Shares in JSE-listed companies traditionally trade in parcels of at least 100. Anything under this round number is called an “odd lot”.

The bank’s offer provides an efficient way for its new small shareholders to sell without incurring disproportionately high cost. To sweeten the deal, Nedbank intends paying holders of these odd lots a 5% premium to the JSE’s closing price on 5 December.

At the current share price, Nedbank’s buyback offer effectively translates into a cash payment of around R900 for every 100 Old Mutual shares owned by its new shareholders.

Nedbank odd-lot

The unbundling exercise created a situation where Nedbank’s shareholder base ballooned overnight from its previous 20,000 to over 500,000.

These small shareholders own just R2bn of the R43bn in Nedbank stock that was unbundled by Old Mutual to its shareholders. The group previously owned 52% of the bank.

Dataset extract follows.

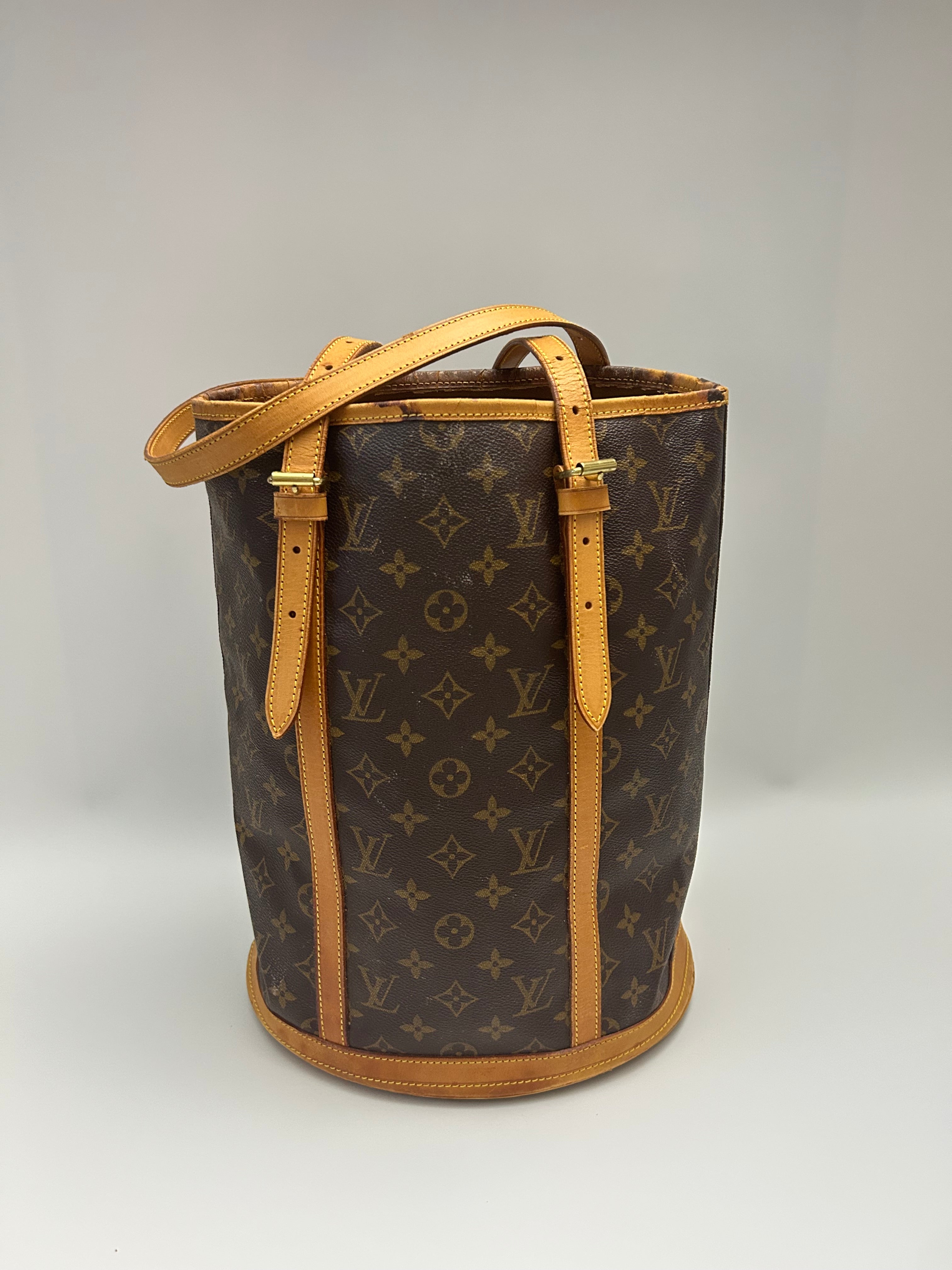 Louis Vuitton Marais Bucketbag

Its newly independent South African arm, Old Mutual Life Assurance Company, will retain an investment of 19.9% in Nedbank

The bank says servicing such a large shareholder base would introduce complexity and substantially increase administrative costs. Nedbank will put the proposal of the odd lot buyback to the vote at a general meeting of shareholders on 22 November.

If the vote is passed, those owning less than 100 Nedbank shares who do not want to sell will have to inform the bank of this intention. Unless they do so, their odd lot will automatically be purchased at the December 5th JSE closing price, plus 5%. The cash will be distributed in the same way as dividends (excepting without the tax) on December 18.

The odd lot share buyback will reduce Nedbank’s Tier One capital ratio from 12.4% to 12%. The exercise will carry administrative and other costs of R24.7m.